自主管理における具体的なチェックポイントは、以下のとおりです。
まずは外観の確認です。
屋根や外壁のひび割れ、雨樋の外れ、窓ガラスの破損などは早期に補修する必要があります。
次に、敷地の清掃です。
定期的な草刈りやゴミの不法投棄対策を行い、庭木の枝が隣地に越境しないよう管理することが重要です。
また、防犯面でも、施錠の確認や、不審者の侵入・放火などのリスクへの備えが欠かせません。
しかし、遠方に居住している場合、これらの管理をすべて自力で行うのは容易ではありません。

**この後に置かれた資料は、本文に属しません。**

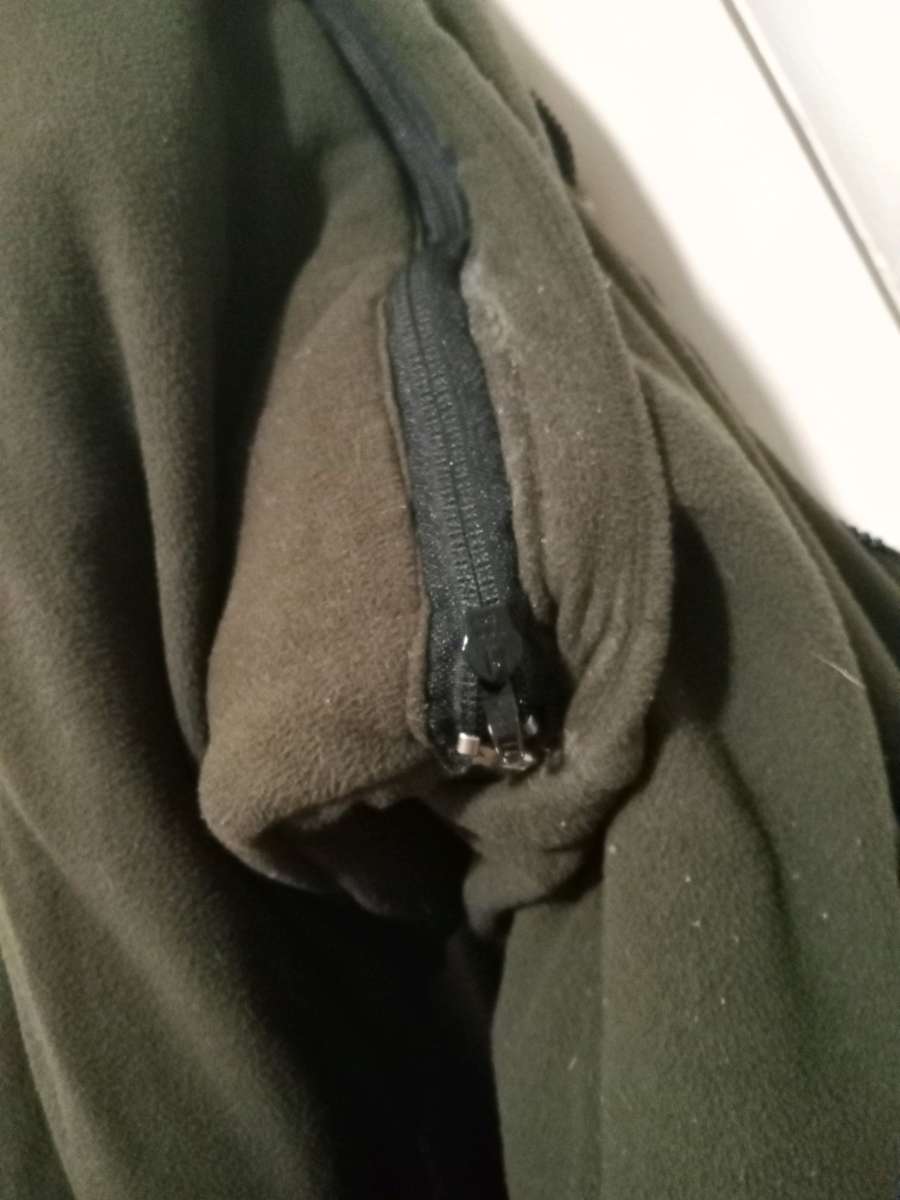 Remington hunting jackets best arms unzip into a vest camo w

時間的・物理的に困難な場合は、地元の不動産会社や専門の空き家管理サービス業者へ委託するのも有効な選択肢の一つです。
近年は巡回を代行してくれる業者も増えており、手軽に利用できるようになっています。

もし、すでに行政から助言・指導の通知が届いてしまった場合は、勧告に進む前に速やかに状態を改善しなければなりません。

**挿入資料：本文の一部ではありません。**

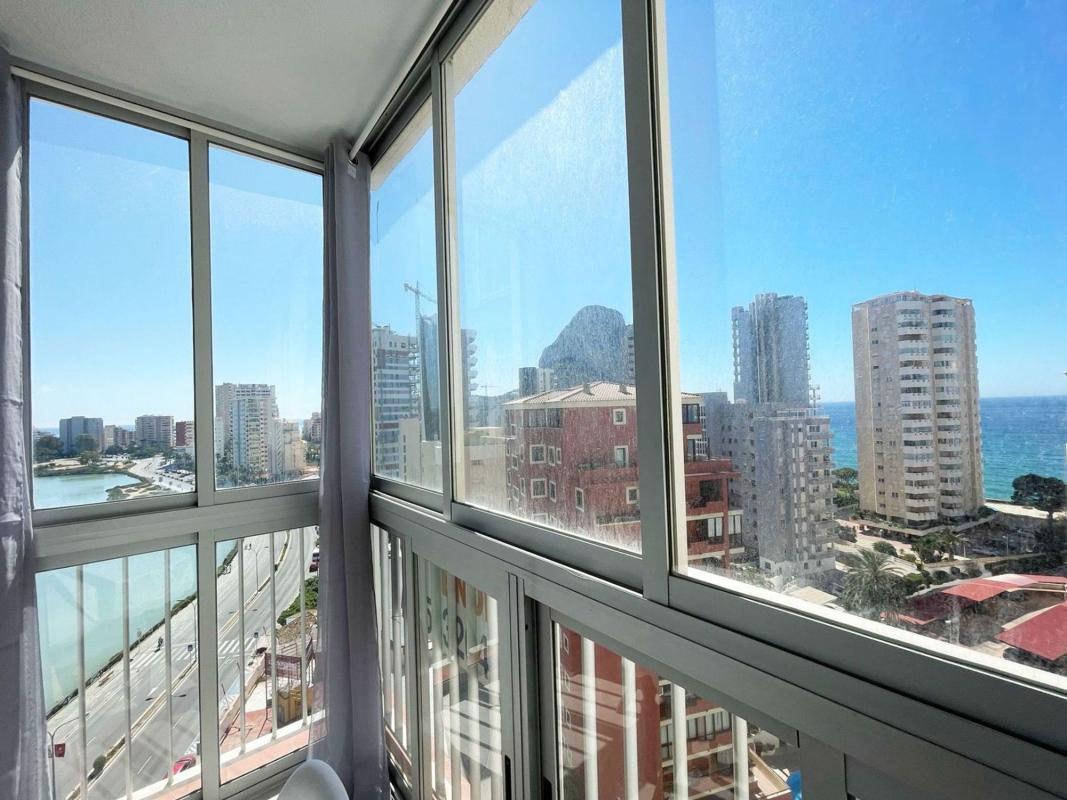 Venta de piso en Piso en Calle Luxemburgo, Playa Arenal-Bol, Calpe, Calpe
photo 3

勧告の手前であれば住宅用地の特例は維持されるため、早期の対応こそが税負担の増加を防ぐ最大のカギとなります。
また、長期的な維持管理がむずかしいと判断した場合は、一時的な管理ではなく出口戦略を検討すべきです。
選択肢としては、売却、賃貸・リフォームによる活用、解体して更地にする、などがあげられます。

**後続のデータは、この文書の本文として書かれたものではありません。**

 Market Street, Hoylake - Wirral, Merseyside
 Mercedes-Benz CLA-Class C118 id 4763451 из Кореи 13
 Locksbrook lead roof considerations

売却を急ぐ場合には、手続きがスムーズな不動産買取業者へ相談するのも一つの手段です。
古い物件でも現状のまま買い取ってくれるケースがあります。
賃貸やリフォームによる活用は、第三者が居住・利用することで建物の老朽化を防ぎやすくなり、家賃収入を得ながら、住宅用地の特例を継続できるメリットがあります。
一方で、建物を解体して更地にする場合は、注意が必要です。
建物を除却すると住宅用地の特例の対象から外れるため、土地の固定資産税が上昇します。
ただし、自治体によっては、解体後も一定期間は特例を継続させる独自の支援制度を設けている場合もあるため、事前に自治体の窓口へ確認することをおすすめします。

空き家問題は、先送りにすればするほど、建物の老朽化、将来的な解体費用の高騰、そして税負担の増大という形で所有者のリスクが膨らんでいきます。
実家を相続した段階で、将来的に「売却するのか」「活用するのか」「維持するのか」を親族間で早めに話し合い、明確な方針を決めておくことが、将来の経済的・法的なトラブルを防ぐための最重要ポイントです。


※本記事の記載内容は、2026年7月現在の法令・情報等に基づいています。